“There are two kinds of pain. The sort of pain that makes you strong, or useless pain. The sort of pain that is only suffering. I have no patience for useless things.” The first line of the entire show. And it only gets better.
This is my first TV series review, so we shall see how it plays out.
House of Cards is a political drama television series developed and produced by Beau Willimon. It is an adaption of the BBC mini-series of the same name, original based on the novel by Michael Dobbs. It is Netflix online’s second original production for online screaming following Lilyhammer (2012). It had its first season premiere on February 1, 2013. The series stars Kevin Spacey, Robin Wright, Kate Mara, Corey Stoll, Michael Kelly, Sakina Jaffrey, Kristen Connolly, Constance Zimmer, Michel Gill, Mahershala Ali, Molly Parker, Nathan Darrow, Rachel Bronsahan, Gerald McRaney, and Sebastian Arcelus. The first season consisted of thirteen episodes, running 60 minutes each. Rated TV-MA.
The story is set in modern-day Washington, D.C., telling the story of Frank Underwood (Spacey), a Democrat Congressman from South Carolina and House Majority whip, who is betrayed by the newly elected president, and works with his equally conniving wife (Wright) to exact revenge on the people who betrayed him.
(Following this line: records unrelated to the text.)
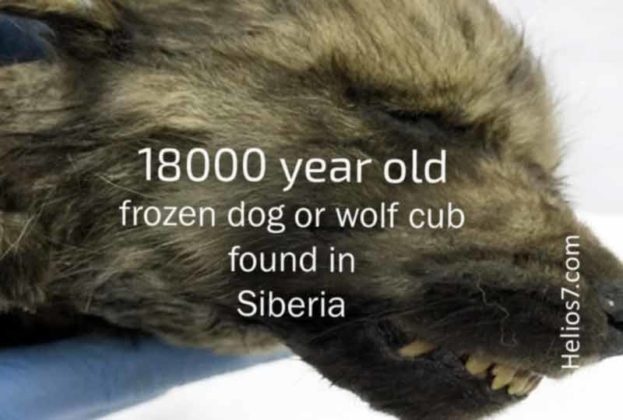 18000 Year old Frozen Puppy found in Siberia - Helios7.com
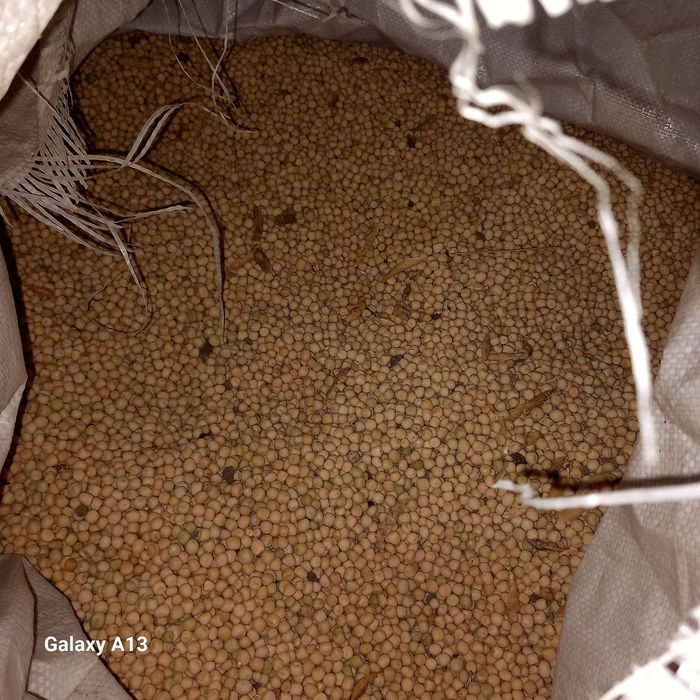 Mazare selectata 2025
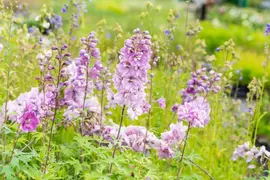 Delphinium (Ridderspoor) - afbeelding 8
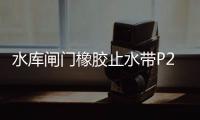 水庫閘門橡膠止水帶P25 P40型價格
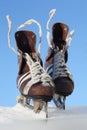 Vintage pair of mens skates Royalty Free Stock Photo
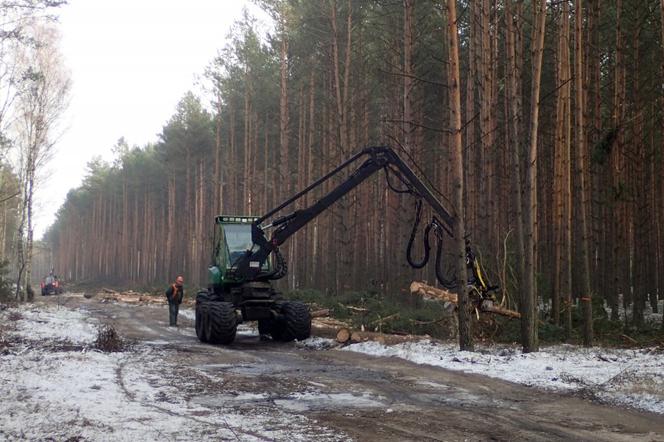 Trwa wycinka drzew pod budowę drogi łączącej Szczecin z Niedźwiedziem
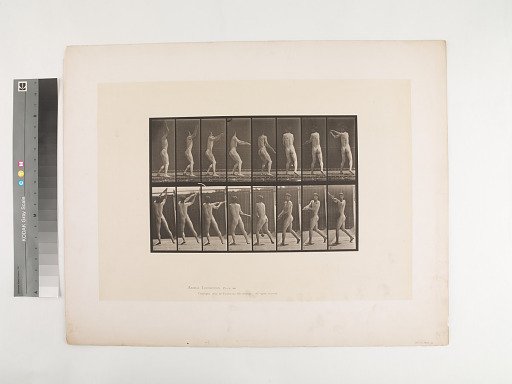 Animal Locomotion. Plate 309.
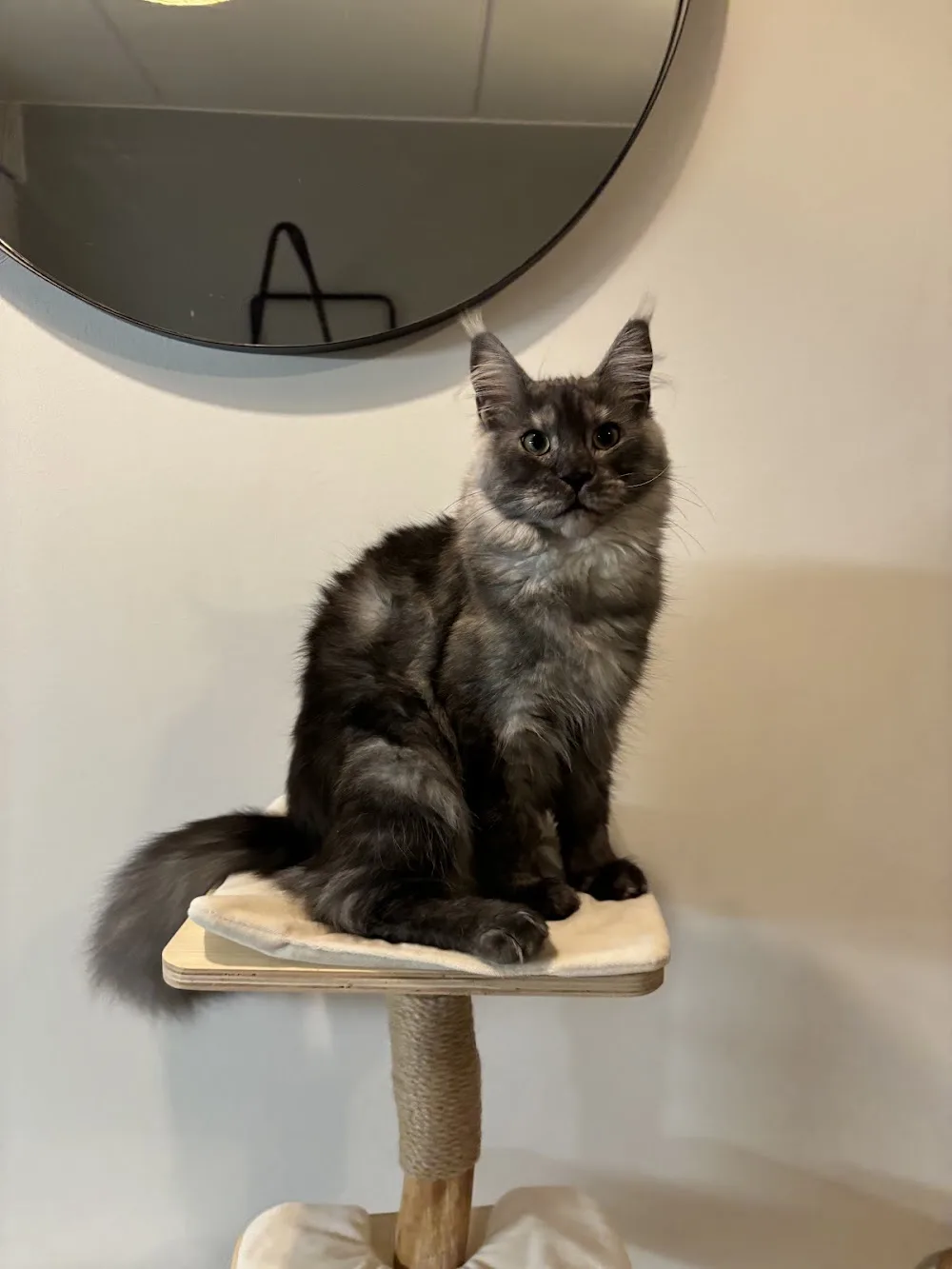 Ekellin*Fi - Espoo pet otel görseli 11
I have never seen so many believable, one-liner threats until this show! Because from beginning to end, it’s all of Frank Underwood’s threats to everyone he knows.
The major thing of the series that stands out to me is lead actor Kevin Spacey. His performance is electrifying! My fondness for his pure, unwavering talent has skyrocketed over the last year, since I watched him in movies like Se7en (1995), American Beauty (1999), and even the computer voice in Moon (2008)! The part of Congressman could have been portrayed in a very dull, stiff kind of way by any other actor, but Spacey brings a new life to screen (with a great South Carolina accent). All the little “isms” are consistent and reflect the character in whatever way is appropriate to his interaction with other players in Washington, or to the audience beyond the fourth wall, which he breaks in every episode. I know I would not be able to follow the show nearly as much if Spacey did not deliver a curiously strong, intent, sometimes funny matter-of-fact statements and questions to the audience. I am sure he took good screenwriting and turned it into great acting. Also, with almost all of his parts–which he reinvents every time, I think–he has such great power behind his eyes. Whatever he does, so much of the emotions are in his eyes. Magnificent.
In the vein of talking about the narration through the series, I believe the screenwriters deserve some credit. Although the story does not take totally unexpected turns in the series–except for some great scenes you never anticipate–they do a good job of explaining the characters over the coarse of thirteen episodes. We find out some of Underwood’s faith in the final episode, some of his past in the tenth, and so on and so forth. It goes to show that we do not need to know everything all at once, but riddled with facts here and there throughout.
I’ll say it again: some of the best threats ever written are in House of Cards.
Although I believe the show could not function without Spacey in the lead role, the supporting cast needs to be given some credit. Robin Wright is a very classy lady, and delivers a very firm-believing politician’s wife in the series. She proves over the series that she is not to be reckoned, same as her husband. Thumbs up for Robin, who I have always enjoyed watching. The rest of the cast I…well…would say they could be switched up with different actors and it would not have hurt things terribly. They are consistent, but maybe not solid. And I do not feel a lack of it in their characters or their scenes, but some of the acting just seems a little short–but that is probably because they are in the same room as Underwood. Nevertheless, they support the progression of the series overall.
Netflix has gone above and beyond in their business in the last few years. In creating an original series of their own, they would have almost total control with what they would be showing to the public, since they were financing and streaming the series on their own. This freedom got the attention of a lot of filmmakers, including David Fincher (who directed the first two episodes) and Joel Schumacher, amongst others. I am sure in the seasons to follow there will be plenty of mainstream directors raising their hands to fill the slots on set.
The series has a very professional “aroma” about it. In terms of lighting, cinematography, editing, and so forth, it reaches the level of cinema quality that I find very tasteful. Their production value is very high on my list!
To sum up, a very tasteful, unique series that I am sure will effect modern-day television enormously! Not just in terms of style and contrast, but the delivery and expectations new viewers will have for other stations than just Netflix. But to compare? House of Cards somehow or another is a potent combination of The West Wing, Game of Thrones, and…well…something new! I would give it a healthy 5 out of 7.